Gislason glaubt allerdings auch, dass die Debatte um seine Zukunft den Druck auf die Mannschaft erhöhte. Gegen Kroatien hätte sein Team „überdreht - und ich glaube schon, dass meine Situation damit etwas zu tun hatte“. Der Isländer betonte: „Die Mannschaft hat gezeigt, dass sie mit mir arbeiten will.“
Alles in allem hörte man in der gesamten Woche aber bei ihm heraus, dass er die Verbandskommunikation nicht sonderlich glücklich fand. Das Binnenklima wirkt gestört, teilweise sogar frostig. Der DHB hatte schon vor dem Qualifikationsturnier mitgeteilt, dass Gislasons Vertrag bis 2027 verlängert wird. Oder eben endet, wenn die Paris-Teilnahme nicht klappt.
Welche Spieler haben ihre Paris-Reise sicher?
An Torwart Andreas Wolff, Kapitän und Kreisläufer Johannes Golla, Spielmacher Juri Knorr und Julian Köster führt überhaupt kein Weg vorbei. Sie sind die Säulen dieser Mannschaft. Uscins dürfte sein Paris-Ticket nach seinen drei Gala-Auftritten in Hannover ebenfalls sicher haben. Ansonsten ist „Vielseitigkeit sehr wichtig“, wie Gislason sagte. Vor allem, weil er nur 14 Spieler mitnehmen darf.
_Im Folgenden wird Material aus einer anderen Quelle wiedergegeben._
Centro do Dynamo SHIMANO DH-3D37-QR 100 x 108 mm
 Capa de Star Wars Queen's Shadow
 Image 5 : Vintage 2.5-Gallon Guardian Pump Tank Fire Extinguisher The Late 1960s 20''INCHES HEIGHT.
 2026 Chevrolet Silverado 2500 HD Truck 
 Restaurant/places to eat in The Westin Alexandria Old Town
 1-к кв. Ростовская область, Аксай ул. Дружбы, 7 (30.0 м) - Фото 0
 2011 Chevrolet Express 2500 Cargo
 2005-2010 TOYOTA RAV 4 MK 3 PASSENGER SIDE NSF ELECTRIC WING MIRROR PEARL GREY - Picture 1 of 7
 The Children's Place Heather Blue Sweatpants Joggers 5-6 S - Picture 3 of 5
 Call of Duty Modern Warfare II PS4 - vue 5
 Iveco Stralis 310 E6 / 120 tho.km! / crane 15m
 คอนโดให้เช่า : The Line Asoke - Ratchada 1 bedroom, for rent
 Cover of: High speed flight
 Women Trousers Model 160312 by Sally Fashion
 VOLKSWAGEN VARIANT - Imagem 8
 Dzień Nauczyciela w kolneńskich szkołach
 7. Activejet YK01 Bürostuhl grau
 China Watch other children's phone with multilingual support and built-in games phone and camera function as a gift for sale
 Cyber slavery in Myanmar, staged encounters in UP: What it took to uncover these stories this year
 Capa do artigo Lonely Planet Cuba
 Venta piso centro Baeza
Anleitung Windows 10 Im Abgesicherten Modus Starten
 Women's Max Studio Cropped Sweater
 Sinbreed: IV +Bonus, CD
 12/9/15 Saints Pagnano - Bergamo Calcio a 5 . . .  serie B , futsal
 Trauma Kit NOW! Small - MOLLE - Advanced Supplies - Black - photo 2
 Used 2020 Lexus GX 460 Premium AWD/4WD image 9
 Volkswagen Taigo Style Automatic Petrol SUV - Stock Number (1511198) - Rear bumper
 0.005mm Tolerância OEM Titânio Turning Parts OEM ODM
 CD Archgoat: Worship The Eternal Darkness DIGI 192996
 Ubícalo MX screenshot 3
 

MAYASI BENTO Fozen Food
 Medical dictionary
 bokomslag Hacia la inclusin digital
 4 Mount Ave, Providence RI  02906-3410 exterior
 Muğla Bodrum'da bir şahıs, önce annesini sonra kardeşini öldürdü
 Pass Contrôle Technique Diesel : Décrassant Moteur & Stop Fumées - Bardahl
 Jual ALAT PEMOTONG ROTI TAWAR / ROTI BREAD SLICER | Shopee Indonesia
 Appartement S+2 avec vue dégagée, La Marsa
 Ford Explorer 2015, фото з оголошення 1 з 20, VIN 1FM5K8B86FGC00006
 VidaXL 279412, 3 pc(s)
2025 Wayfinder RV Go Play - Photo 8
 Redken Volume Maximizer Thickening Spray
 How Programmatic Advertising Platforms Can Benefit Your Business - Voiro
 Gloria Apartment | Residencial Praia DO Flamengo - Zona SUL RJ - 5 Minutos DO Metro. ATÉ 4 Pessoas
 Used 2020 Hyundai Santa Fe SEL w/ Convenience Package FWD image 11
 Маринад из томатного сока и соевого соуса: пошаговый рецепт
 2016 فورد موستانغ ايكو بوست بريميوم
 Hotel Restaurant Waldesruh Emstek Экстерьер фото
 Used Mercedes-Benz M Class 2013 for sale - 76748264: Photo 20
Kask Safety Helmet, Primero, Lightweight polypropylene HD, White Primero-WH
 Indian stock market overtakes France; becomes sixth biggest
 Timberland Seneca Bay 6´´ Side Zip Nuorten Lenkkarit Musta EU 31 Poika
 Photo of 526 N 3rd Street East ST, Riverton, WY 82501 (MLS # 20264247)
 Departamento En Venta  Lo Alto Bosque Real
Welche Chancen hat die DHB-Mannschaft in Paris?
Die großen Favoriten sind die üblichen Verdächtigen: Frankreich tritt als Titelverteidiger, Gastgeber und Europameister an. Dänemark holte zuletzt dreimal in Folge WM-Gold. Und dann sind da noch die Schweden. Alle drei Nationen landeten im Januar bei der EM vor den viertplatzierten Deutschen. Das Gesamtniveau bei einem olympischen Handball-Turnier ist allerdings nicht so hoch wie bei einer WM oder EM, weil die Startplätze für die starken europäischen Nationen begrenzt sind. Dass die Deutschen aber nicht nur gegen das Toptrio, sondern auch gegen andere Mannschaften verlieren können, zeigte gerade erst wieder das Qualifikationsturnier mit der Niederlage gegen Kroatien.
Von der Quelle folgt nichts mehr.